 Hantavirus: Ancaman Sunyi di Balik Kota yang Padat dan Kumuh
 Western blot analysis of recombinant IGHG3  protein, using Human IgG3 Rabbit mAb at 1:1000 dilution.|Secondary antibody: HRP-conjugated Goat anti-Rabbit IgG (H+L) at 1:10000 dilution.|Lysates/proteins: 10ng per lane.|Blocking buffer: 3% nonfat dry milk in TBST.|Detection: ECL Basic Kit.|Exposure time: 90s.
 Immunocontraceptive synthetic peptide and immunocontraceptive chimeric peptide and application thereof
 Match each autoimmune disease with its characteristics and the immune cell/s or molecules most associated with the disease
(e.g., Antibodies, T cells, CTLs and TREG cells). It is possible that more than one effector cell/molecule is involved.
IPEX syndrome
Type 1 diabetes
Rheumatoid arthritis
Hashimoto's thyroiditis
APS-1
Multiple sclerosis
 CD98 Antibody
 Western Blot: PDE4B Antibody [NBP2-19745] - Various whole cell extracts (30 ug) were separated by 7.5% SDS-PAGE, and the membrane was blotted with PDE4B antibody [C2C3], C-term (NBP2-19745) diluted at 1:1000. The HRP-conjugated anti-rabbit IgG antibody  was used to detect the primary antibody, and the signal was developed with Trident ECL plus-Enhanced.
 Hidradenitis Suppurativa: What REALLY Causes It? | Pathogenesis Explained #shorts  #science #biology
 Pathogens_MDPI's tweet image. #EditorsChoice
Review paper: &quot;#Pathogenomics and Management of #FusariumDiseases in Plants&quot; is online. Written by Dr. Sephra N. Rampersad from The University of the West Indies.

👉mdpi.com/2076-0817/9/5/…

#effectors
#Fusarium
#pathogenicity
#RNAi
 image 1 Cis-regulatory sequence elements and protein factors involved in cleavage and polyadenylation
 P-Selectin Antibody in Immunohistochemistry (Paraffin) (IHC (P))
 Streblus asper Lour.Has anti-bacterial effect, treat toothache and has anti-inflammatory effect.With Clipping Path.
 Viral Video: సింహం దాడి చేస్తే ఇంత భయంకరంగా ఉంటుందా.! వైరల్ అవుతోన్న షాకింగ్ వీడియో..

# Exercise prompt
Transcribe the lines above between the line holding "CD98 Antibody" and the line holding "image 1 Cis-regulatory", inclusive, exactly as they stand and with nothing added.

# Completed task
 CD98 Antibody
 Western Blot: PDE4B Antibody [NBP2-19745] - Various whole cell extracts (30 ug) were separated by 7.5% SDS-PAGE, and the membrane was blotted with PDE4B antibody [C2C3], C-term (NBP2-19745) diluted at 1:1000. The HRP-conjugated anti-rabbit IgG antibody  was used to detect the primary antibody, and the signal was developed with Trident ECL plus-Enhanced.
 Hidradenitis Suppurativa: What REALLY Causes It? | Pathogenesis Explained #shorts  #science #biology
 Pathogens_MDPI's tweet image. #EditorsChoice
Review paper: &quot;#Pathogenomics and Management of #FusariumDiseases in Plants&quot; is online. Written by Dr. Sephra N. Rampersad from The University of the West Indies.

👉mdpi.com/2076-0817/9/5/…

#effectors
#Fusarium
#pathogenicity
#RNAi
 image 1 Cis-regulatory sequence elements and protein factors involved in cleavage and polyadenylation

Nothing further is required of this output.